Today’s Classifier: 條

一條路 (Yat tiu lou) (one stick of road.) Well, footpath really, but you get my little driftie. Yeah, I love 條。It’s the classifier for long and thin, bendable or bending things, like a river:

一條河 (Yat tiu ho) or a snake: 一條蛇 (yat tiu se), a pair of trousers: 一條褲 (yat tiu fu) or a towel! 一條毛巾 (yat tiu mou gan) (A stick of hair towel.)

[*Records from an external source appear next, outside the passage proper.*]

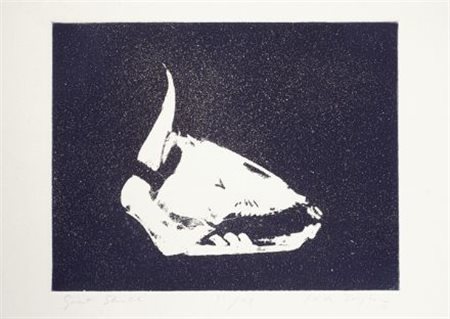 Giuseppe Zigaina (Cervignano, 1924) Skull Acquatinta, mm. 500x700 (foglio);...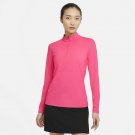 NEW XS NIKE Therma Victory 1/4 Zip jacket Top Women's SWEATSHIRT CU9670-639 PINK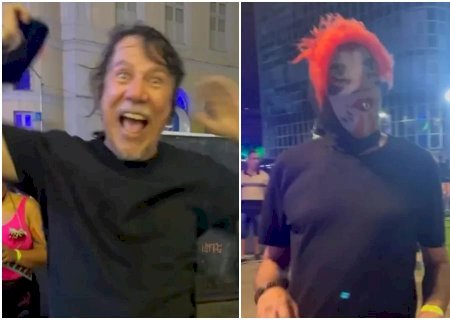 Vídeo: Lenine adere a disfarce para curtir o Carnaval de Recife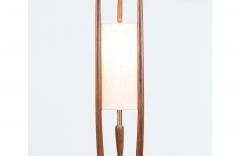 John Keal John Keal Sculpted Walnut Brass Table Lamp for Modeline - 2236519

A carton of fags, interestingly, also takes the classifier 條: 一條煙 (yat tiu yin) and then there’s my favourite way to introduce my friends, causing some people to laugh and others to frown (they are good friends so used to a lot) 呢條友 (Li tiu yao) (This stick of friend) which translates roughly as “this creature” or “this git.” I’m still waiting for the real explanation!
But apparently the 條 (tiu) rather than 個(go) which is the normal classifier for people, makes the “friend” less than human. A stick of person – yeah, that must be an insult.

搶!

I learnt a new verb today. A taxi driver asked me “有冇 搶香蕉呀?" Yau mou cheung heung chiu ah? (something like that) – Have you CHEUNG bananas?
I thought it meant ‘hoard’ but arriving at the character via an article in Apple Daily, I found that 搶 means rob or grab.

He also told me that HK people are cheung-ing rice, salt and oil like mad. ‘Make a run on the supermarket’ – one word! I like that.

But why? Just to be fashionable? I sauntered into my local Park’N’Shop and it was business as usual. According to the taxi driver the shelves in the rest of Hong Kong are robbed clean. 搶 baby 搶!